The researchers also believe that TOI-700d could be able to sustain life because it also orbits within the star’s habitable zone. Rodriguez compared the newly discovered planets to Earth and Venus — TOI-700d sits as close to its star as Earth is to the sun, and TOI-700e sits similar to where Venus sits at the edge of the habitable zone.
There are no indications that the solar system is home to any other yet-to-be-discovered planets, but Rodriguez hasn’t ruled out the possibility as researchers continue to study the TOI-700 system.
“This is one of the few systems with multiple, minor planets and habitable zones that we know about,” Emily Gilbert, a postdoctoral fellow at NASA’s Jet Propulsion Laboratory in Southern California, who leads the project, said in a press release. . “This makes the TOI-700 system an exciting opportunity for additional follow-up.”

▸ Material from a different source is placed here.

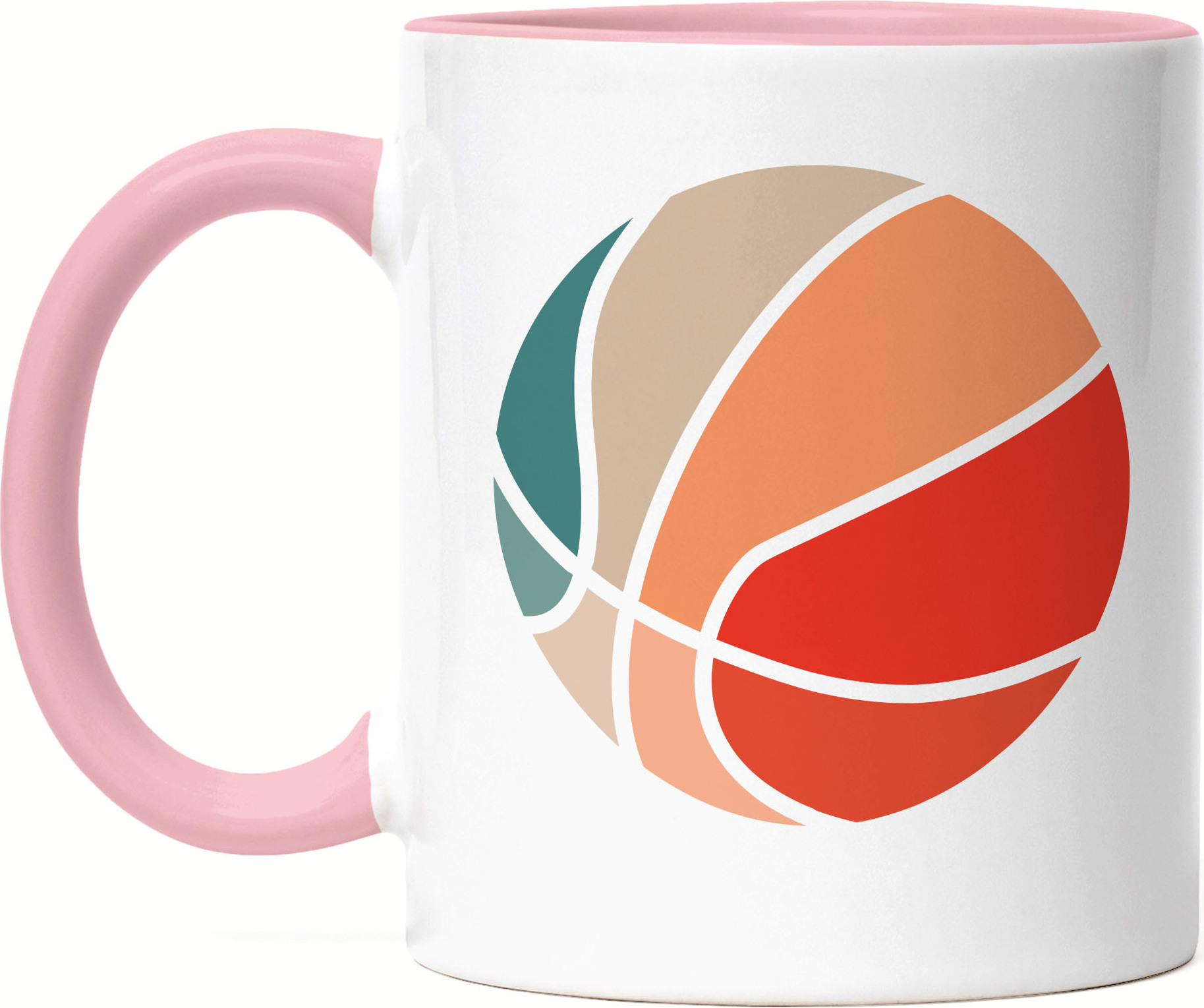 Hey!Print Basketball Tasse Rosa Leben Mannschaft Spieler Teamsport Korb Basket Ballsport Jersey Team Mannschaftssport HP-1794-T-Rosa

Neither humans nor satellites will be traveling anywhere near the new planet anytime soon. Rodriguez said the technology needed for a 100-light-year journey does not yet exist, but that will not stop him and the team of researchers from continuing to study the solar system and the planets they discovered.
Rodriguez, who has been doing this work for 12 years, hopes there are more planets to find.
“There’s a lot of space in parameters and places where planets can exist,” he said. “We will probably find more, but it will be much more difficult to discover.”